### [Available data]
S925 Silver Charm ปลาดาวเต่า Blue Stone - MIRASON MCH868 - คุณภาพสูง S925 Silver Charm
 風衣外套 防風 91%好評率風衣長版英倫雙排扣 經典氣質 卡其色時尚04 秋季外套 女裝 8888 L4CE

---

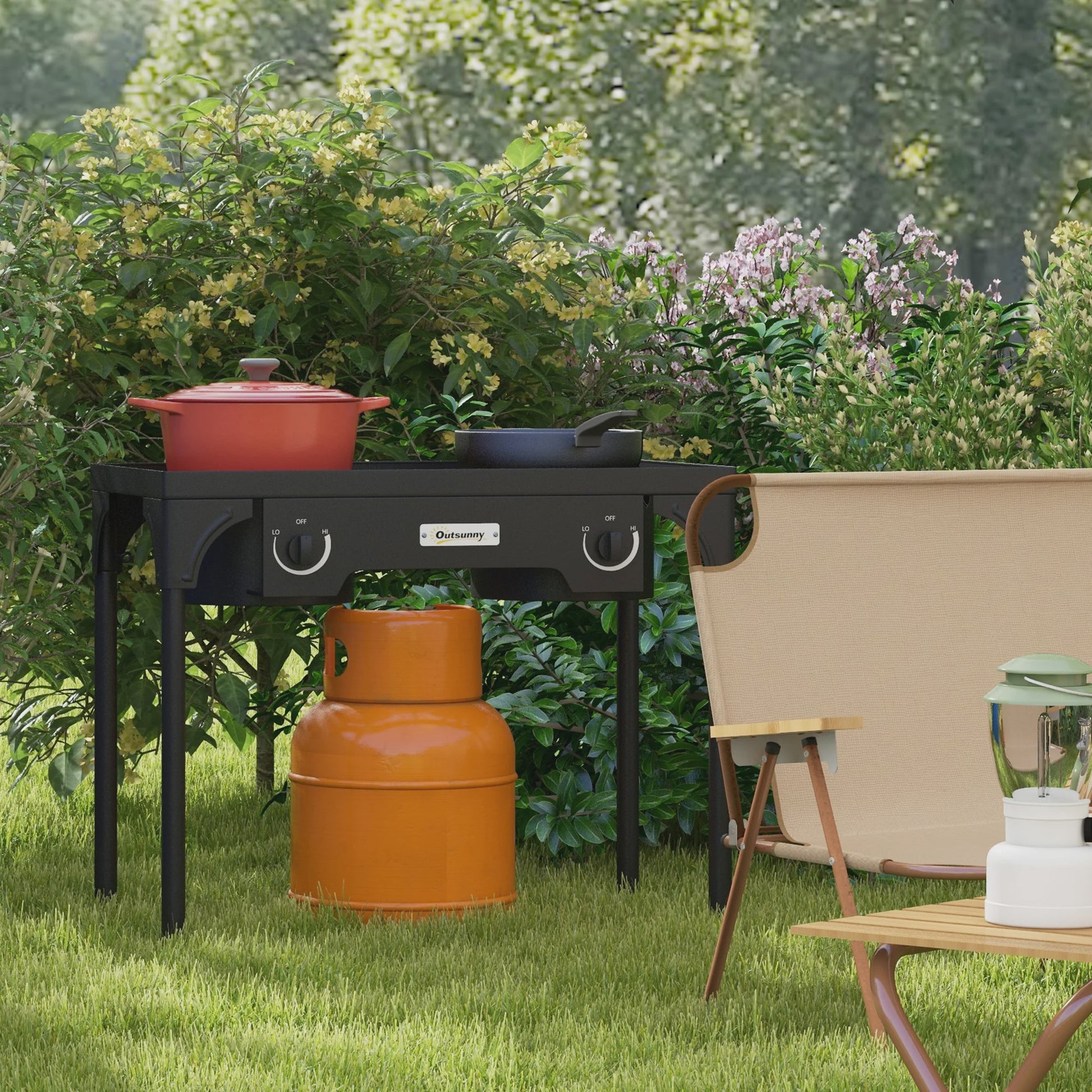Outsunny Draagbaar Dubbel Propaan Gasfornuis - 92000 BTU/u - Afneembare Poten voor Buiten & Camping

### [The task]
Word for word, restate the lines of the listing above starting at the line with "S925 Silver Charm ปลาดาวเต่า" and ending at the line with "風衣外套 防風 91%好評率風衣長版英倫雙排扣", and nothing outside them.

### [Task output]
S925 Silver Charm ปลาดาวเต่า Blue Stone - MIRASON MCH868 - คุณภาพสูง S925 Silver Charm
 風衣外套 防風 91%好評率風衣長版英倫雙排扣 經典氣質 卡其色時尚04 秋季外套 女裝 8888 L4CE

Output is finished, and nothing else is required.